→ Required work
Pictures excluded, set down exactly the lines from the one containing "They come in" through the final line of the material, and only those.

→ Provided data
○ ○ ○ ○ ○ ○ ○

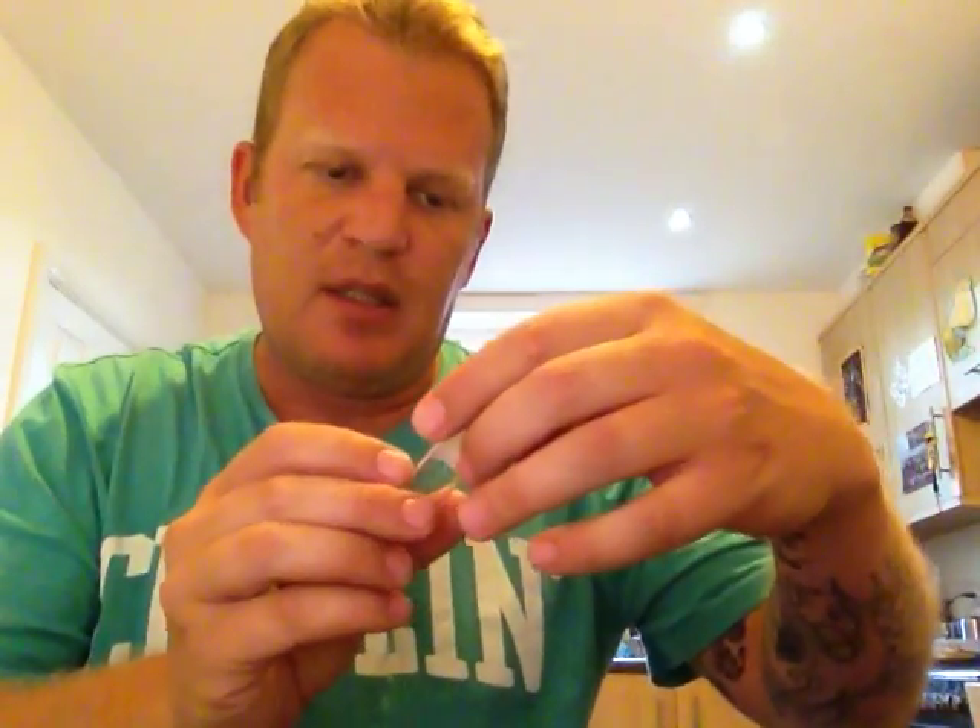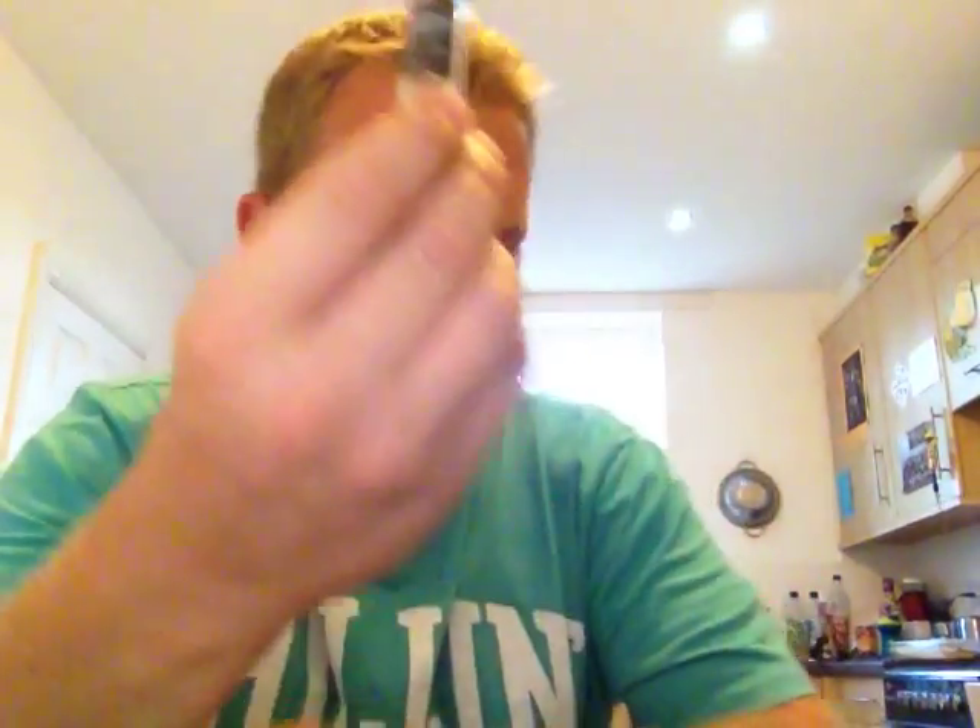The one we're going to look at today is called Portola. I've emptied it into another bottle here, just so I can drip it without fiddling around too much.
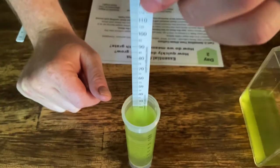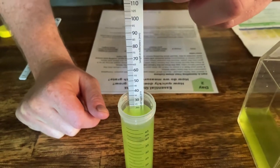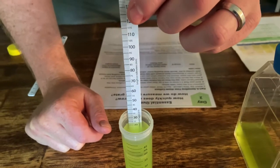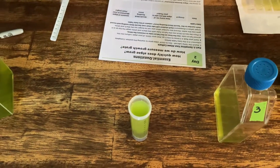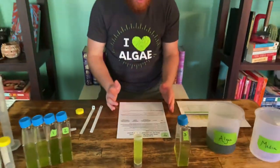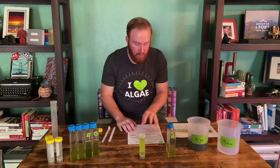It looks like it's disappearing right at about 20 millimeters. So 20 millimeters. If we had our worksheet, we would write down 20 millimeters so we know what it was.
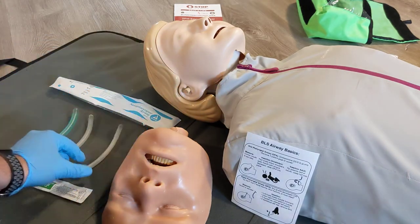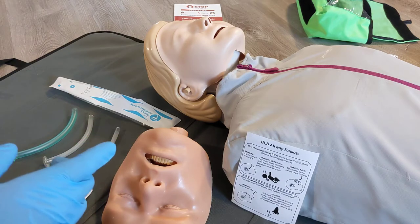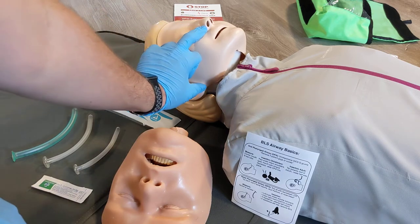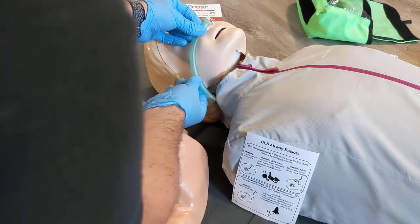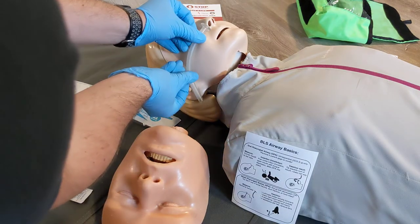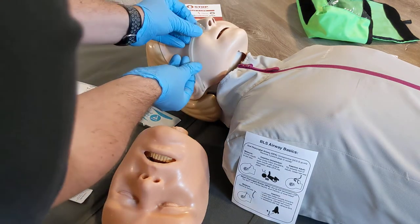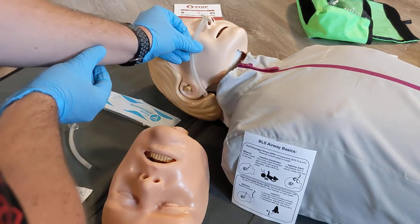They come in multiple sizes and you need to size them to the patient. To size a nasal pharyngeal airway, you're going to line it up between the nose and the earlobe. We can take our airway here — nose to earlobe — and we can see that's a bit long, so we'll try the next size. That one's pretty good; the other might be a bit short, so we're going to go with this one.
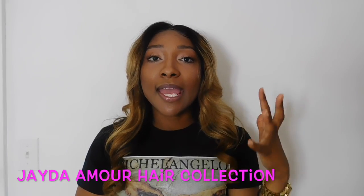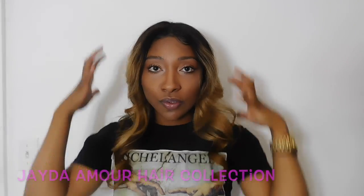So let's just go ahead and get right into it. What's on top of my head is the Jada Amore frontal in 14 inches. I didn't intentionally mean to get it that long, but I just went with it and customized it with my beautician to put it on my hair.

○ ○ ○ ○ ○ ○ ○

→ Reply
They come in multiple sizes and you need to size them to the patient. To size a nasal pharyngeal airway, you're going to line it up between the nose and the earlobe. We can take our airway here — nose to earlobe — and we can see that's a bit long, so we'll try the next size. That one's pretty good; the other might be a bit short, so we're going to go with this one.
So let's just go ahead and get right into it. What's on top of my head is the Jada Amore frontal in 14 inches. I didn't intentionally mean to get it that long, but I just went with it and customized it with my beautician to put it on my hair.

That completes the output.